Adjacent to the nadumuttam, to the West, was a small room for the women to stay during their monthly periods. They were not allowed into the other parts of the house until they bathed and changed into freshly washed clothes after three days.
The main room upstairs was used as a bedroom by my parents during my father’s visit. My uncles, with their wives, occupied the upstairs room when it was their turn to visit us. At other times every one slept in the main hall. A small room upstairs was used by my grand father. He kept his personal things in the room. These included books of vedic mantras in grantha script and hymns like vishnusahasranama. His clothes, mainly dhoties and angavastrams, were also kept here, neatly folded, in a wooden box. He used this as a reading room and also took rest here on occasions.
The backyard of the house extended to about forty feet. The neighbouring house to our North had also a backyard of equal length. There was no fence between the two backyards. Adjacent to the backyards, to the North, was a pond which was used by a few villagers for bathing and washing clothes. We could from our backyard get down to the pond for bathing but we preferred the other ponds in the village which had better facilities and better water quality. There were a few coconut palms in a row in the backyard. Once in a while we engaged a person skilled in climbing these trees and plucking the coconuts. The coconuts from these trees were used in making delicious sambar and other vegetarian dishes.
Vastu did not approve of toilets inside or in the proximity of the house.
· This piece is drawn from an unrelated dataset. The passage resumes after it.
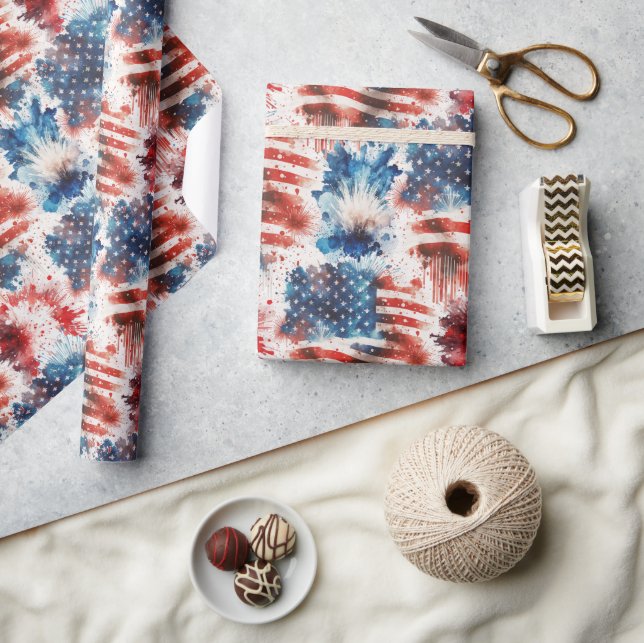 Patriotic Red White and Blue 4th of July Wrapping  Paper (Crafts)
Makeshift, primitive toilets were located away from the main house. They were nothing but pits dug in the ground with planks placed across the pit for people to squat. The place was curtained with cotton or sack cloth tied around four poles driven into the ground. One had to carry water in a bucket or other vessel to the toilet in order to wash one’s behind, hand and feet. Children relieved themselves at the far end of the backyard which was fenced in by thorny bushes.
The house had already started showing signs of crumbling about the time I am talking about. During the rainy season, the roof used to leak and we had to keep pots or similar vessels to collect the dripping water from the roof. The plaster on the walls was peeling off and the stairs were creaking. All this bore eloquent testimony to the straitened circumstances of the family.